Le ministre du Travail, de l’Emploi et de la Sécurité sociale Mourad Zemali a violement chargé le président du syndicat Snateg pour avoir déposé une plainte contre le gouvernement algérien auprès de l’OIT pour atteinte aux libertés syndicales. Un citoyen peut-il poursuivre son gouvernement auprès des instances internationales ?
Boudjemaâ Ghechir : Ce qu’a fait le président du Snateg n’a rien d’illégal. Il a juste utilisé un mécanisme international de protection des libertés syndicales ratifié par l’Algérie en 1962. Je ne vois pas pourquoi on conteste le recours à un mécanisme auquel on a adhéré moins d’une année après notre indépendance. La Commission d’application des normes de l’OIT a décidé d’envoyer une délégation de haut niveau en Algérie pour faire le point sur la situation des libertés syndicales parce que le gouvernement refuse toujours de reconnaitre dans la pratique le pluralisme syndical. Faire de l’UGTA le seul partenaire social habilité à parler au nom des travailleurs algérien lors des réunions de la tripartite est une violation de la convention 87 ratifiée par l’Algérie en septembre 1962. Si le gouvernement veut que les syndicalistes algériens fassent plus appel aux institutions de l’ONU, il n’a qu’à respecter ses engagements et à traiter sur le même pied d’égalité tous les syndicats.
Jusqu’où, à votre avis, ira le gouvernement dans ses conflits avec les institutions de l’ONU chargées des droits de l’homme ?
Je pense que le gouvernement va changer son attitude à l’égard des organes de l’ONU pour la simple raison qu’il n’est pas dans l’intérêt de l’Algérie d’entretenir des rapports tendus avec les institutions onusiennes. Une intervention du président de la République est attendue pour rappeler à l’ordre les membres du gouvernement, notamment le ministre du Travail qui n’a pas été élégant dans sa réaction à la décision de la Commission d’application des normes de l’OIT de dépêcher une délégation de haut niveau en Algérie.
Que risque l’Algérie en refusant de recevoir une délégation de haut niveau de l’OIT et les rapporteurs spéciaux des Nations unies ?

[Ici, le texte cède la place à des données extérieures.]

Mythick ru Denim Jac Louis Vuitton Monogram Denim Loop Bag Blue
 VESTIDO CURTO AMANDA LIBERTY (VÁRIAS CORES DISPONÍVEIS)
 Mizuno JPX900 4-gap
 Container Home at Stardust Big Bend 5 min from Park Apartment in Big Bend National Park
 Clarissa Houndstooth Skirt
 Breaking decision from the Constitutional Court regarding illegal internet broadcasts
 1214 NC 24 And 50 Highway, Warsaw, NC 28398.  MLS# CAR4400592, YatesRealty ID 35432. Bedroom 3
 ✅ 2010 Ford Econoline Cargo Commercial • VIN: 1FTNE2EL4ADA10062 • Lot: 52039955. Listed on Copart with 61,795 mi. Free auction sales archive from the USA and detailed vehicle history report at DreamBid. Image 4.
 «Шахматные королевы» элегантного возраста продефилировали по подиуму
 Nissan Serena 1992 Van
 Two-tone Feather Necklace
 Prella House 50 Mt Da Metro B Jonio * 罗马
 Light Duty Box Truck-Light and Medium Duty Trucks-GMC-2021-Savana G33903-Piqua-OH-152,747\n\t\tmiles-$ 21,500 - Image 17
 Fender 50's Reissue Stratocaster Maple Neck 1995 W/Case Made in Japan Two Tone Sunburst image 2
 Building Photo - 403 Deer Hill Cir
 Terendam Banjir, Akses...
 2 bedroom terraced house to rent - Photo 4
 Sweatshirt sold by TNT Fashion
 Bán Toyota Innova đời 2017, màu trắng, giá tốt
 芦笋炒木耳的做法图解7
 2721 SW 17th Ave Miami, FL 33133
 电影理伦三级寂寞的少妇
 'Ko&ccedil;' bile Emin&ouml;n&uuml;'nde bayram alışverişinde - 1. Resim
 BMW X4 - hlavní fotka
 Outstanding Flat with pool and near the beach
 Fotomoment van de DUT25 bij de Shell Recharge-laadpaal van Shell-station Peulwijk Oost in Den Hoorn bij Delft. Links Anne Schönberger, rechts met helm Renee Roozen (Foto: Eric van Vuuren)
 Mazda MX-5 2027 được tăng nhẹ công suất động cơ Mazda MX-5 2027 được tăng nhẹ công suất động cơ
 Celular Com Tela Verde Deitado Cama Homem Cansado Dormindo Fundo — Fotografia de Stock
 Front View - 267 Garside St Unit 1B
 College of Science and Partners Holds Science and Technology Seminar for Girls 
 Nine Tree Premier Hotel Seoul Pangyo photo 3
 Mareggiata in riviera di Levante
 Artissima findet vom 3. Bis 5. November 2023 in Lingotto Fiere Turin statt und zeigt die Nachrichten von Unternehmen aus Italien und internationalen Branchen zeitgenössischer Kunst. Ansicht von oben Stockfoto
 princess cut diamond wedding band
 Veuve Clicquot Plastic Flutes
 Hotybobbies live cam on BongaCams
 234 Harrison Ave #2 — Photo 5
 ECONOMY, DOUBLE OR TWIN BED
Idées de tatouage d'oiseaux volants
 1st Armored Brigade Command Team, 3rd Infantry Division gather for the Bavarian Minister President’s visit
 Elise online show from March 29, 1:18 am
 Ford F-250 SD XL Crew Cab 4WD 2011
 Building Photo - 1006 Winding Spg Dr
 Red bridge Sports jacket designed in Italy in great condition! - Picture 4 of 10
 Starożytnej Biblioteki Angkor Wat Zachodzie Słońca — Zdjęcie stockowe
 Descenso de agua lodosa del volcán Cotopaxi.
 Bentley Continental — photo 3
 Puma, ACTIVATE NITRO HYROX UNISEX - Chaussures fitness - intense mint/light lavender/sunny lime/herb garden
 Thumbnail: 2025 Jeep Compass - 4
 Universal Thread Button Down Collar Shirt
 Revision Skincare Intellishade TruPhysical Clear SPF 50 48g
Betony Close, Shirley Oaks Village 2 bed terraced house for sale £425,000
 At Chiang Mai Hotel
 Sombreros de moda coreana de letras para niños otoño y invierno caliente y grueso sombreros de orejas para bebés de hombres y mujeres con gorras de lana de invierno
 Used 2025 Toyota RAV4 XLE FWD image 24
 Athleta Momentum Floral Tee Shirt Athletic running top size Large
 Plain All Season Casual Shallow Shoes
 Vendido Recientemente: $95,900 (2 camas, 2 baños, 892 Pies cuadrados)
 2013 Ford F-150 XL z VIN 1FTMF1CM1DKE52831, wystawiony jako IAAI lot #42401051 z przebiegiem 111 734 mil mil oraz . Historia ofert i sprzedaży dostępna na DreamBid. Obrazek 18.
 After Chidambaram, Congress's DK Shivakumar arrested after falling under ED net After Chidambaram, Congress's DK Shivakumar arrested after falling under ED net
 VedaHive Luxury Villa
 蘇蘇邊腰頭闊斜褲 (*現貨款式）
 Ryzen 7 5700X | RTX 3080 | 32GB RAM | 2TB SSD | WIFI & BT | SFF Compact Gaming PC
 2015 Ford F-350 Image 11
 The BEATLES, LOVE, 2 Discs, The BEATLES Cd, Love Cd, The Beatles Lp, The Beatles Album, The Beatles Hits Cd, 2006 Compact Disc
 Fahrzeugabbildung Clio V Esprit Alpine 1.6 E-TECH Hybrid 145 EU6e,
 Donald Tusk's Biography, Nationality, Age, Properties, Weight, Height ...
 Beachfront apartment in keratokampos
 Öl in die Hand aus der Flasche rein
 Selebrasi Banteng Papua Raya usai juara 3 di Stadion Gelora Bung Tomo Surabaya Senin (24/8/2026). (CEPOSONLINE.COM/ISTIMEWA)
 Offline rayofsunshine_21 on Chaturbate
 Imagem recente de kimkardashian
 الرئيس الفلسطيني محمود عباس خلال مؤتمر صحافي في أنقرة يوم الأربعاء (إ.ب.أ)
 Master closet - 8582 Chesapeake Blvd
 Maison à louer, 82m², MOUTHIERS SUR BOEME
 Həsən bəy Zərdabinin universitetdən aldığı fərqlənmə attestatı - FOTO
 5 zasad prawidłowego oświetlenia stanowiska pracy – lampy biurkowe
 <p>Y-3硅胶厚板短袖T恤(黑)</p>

L’Algérie n’a pas refusé officiellement la venue de certains rapporteurs spéciaux. Elle s’abstient de donner des réponses à la demande de ces derniers ce qui laisse penser que l’espoir est permis. Pour la délégation de l’OIT, au stade actuel, l’Algérie n’a pas refusé non plus sa venue puisque la demande écrite n’a pas encore été déposée. C’est une fois la demande officielle remise à l’Algérie et qu’elle aura émis un avis défavorable qu’on pourra parler de refus officiel. Toutefois, si l’Algérie persiste dans sa démarche hostile à l’égard de l’OIT, elle pourrait avoir de mauvaises surprises.
Par exemple ?
L’OIT pourrait décider de geler la participation de l’Algérie à l’un de ses organes ou saisir d’autres instances de l’ONU en cas de récidive.